Core contains the primitives for playing a game between two players.

class core.Player(player_id, agent)[source]

Player is a simple abstraction whose policy is defined by the agent that backs it. Agents learn the optimal play for each player, while players are only concerned about the optimal play for themselves


int – The id of the player


Agent – The agent associated with the player

Raises:ValueError – If the id is not 0 or 1
action(g, s, flip)[source]

Take an action with the backing agent. If the starting player is not 0, then we invert the board so that the starting player is still 0 from the perspective of the agent

  • g (Game) – The game the player is playing
  • s (any) – The state of the game
  • flip (bool) – Whether or not to flip the state so that the agent thinks that player 0 started the game. This is necessary since trainable agents like MCTSAgent operate under the assumption that player 0 always starts

The index of the action the player will take

Return type:


class core.Arena(game, players)[source]

Place where two agents are pitted against eachother in a series of games. Statistics on the win rates are recorded and can be displayed.
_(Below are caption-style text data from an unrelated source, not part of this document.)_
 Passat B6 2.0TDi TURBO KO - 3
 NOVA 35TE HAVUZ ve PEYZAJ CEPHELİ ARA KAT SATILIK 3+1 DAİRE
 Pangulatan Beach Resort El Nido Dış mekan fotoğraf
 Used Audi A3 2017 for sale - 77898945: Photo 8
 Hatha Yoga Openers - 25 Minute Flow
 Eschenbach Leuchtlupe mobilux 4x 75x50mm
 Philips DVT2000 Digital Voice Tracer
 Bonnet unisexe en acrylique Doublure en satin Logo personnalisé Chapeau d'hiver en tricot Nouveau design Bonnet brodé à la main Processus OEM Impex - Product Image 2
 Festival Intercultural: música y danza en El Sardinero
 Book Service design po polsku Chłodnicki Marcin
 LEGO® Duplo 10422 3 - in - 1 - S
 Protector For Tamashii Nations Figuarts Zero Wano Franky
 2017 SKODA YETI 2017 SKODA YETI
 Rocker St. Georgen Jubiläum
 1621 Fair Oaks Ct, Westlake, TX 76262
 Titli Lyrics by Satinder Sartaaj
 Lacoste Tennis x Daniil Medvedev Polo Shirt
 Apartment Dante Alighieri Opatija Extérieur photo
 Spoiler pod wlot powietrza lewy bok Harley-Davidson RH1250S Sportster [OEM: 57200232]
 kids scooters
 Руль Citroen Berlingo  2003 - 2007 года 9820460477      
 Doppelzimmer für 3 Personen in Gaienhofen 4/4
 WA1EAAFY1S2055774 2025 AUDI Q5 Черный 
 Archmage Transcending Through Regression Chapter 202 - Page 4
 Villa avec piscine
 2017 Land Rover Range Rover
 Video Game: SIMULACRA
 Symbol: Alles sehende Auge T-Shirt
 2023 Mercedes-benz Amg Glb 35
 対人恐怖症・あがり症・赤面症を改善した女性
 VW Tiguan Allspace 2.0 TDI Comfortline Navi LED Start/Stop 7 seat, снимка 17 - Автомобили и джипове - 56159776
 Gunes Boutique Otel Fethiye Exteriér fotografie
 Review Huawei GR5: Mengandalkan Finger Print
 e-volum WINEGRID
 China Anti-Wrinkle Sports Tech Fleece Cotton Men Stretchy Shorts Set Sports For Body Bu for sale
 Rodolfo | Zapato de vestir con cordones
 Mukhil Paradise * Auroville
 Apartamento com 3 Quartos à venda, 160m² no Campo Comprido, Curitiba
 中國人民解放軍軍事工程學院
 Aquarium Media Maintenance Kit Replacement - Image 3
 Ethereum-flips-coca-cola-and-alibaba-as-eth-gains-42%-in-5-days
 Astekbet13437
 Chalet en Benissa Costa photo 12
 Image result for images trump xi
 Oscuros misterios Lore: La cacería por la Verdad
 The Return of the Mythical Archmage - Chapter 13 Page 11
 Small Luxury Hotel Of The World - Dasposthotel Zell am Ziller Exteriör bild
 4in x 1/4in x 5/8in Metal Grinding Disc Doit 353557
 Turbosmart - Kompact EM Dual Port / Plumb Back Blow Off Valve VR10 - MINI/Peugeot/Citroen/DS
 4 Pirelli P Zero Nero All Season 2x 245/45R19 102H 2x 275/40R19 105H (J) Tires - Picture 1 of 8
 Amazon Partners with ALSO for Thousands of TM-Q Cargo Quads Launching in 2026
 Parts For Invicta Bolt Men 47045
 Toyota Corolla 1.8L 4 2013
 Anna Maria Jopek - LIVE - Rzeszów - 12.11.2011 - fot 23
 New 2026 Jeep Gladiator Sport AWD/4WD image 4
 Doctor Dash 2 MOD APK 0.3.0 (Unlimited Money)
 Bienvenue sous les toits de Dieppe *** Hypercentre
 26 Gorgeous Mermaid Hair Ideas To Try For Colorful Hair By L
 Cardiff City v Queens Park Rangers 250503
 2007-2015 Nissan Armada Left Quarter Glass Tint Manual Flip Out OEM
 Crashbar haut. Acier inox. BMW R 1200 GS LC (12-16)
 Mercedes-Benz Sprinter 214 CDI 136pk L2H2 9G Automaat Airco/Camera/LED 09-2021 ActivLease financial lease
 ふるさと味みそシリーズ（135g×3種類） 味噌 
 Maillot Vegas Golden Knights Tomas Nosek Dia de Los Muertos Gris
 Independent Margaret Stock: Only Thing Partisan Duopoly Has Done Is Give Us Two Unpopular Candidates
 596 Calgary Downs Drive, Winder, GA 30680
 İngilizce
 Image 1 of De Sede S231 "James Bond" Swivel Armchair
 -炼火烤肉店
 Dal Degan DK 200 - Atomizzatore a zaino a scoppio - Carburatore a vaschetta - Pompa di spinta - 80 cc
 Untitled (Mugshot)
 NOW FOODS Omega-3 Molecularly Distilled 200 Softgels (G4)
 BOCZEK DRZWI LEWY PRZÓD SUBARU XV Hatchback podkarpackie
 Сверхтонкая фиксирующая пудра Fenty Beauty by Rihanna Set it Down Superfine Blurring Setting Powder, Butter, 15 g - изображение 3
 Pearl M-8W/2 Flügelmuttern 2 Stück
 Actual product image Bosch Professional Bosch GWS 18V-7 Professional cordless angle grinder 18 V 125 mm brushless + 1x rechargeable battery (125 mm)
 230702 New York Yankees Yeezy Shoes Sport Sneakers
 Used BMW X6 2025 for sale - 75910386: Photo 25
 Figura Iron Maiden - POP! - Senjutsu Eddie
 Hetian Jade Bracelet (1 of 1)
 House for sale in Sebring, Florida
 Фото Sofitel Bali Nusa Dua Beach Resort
Game – The game that is being played


list – List of Player objects. Note that there should only be two, and the ids of the player should map to the index of the player in the array.


int – The number of games played in the arena


list – List of two integers representing the number of wins of each player, with the index being the id of the player


Play a single game, doing the necessary bookkeeping to maintain accurate statistics and returning the winner (or -1 if no winner).


We always have the start with player being 0 from the persepctive of the agent. Because of this we pass in a flip boolean to the player class in the action method, which flips the board and makes it seems as though player 0 started, even if it was actually player 1

Parameters:verbose (bool) – Whether or not to print the output of the game. Defaults to false
Returns:The winner of the game
Return type:int

Play a series of games between the players, recording how they did so that we can display statistics on which player performed better

  • num_episodes (int) – The number of games to play, defaults to 10
  • verbose (bool) – Whether or not to print output from each game. Defaults to false

Print out the statistics for a given series of games.

class core.Game[source]

Game class, which is extended to implement different types of adversarial, zero sum games. The class itself is stateless and all methods are actually static.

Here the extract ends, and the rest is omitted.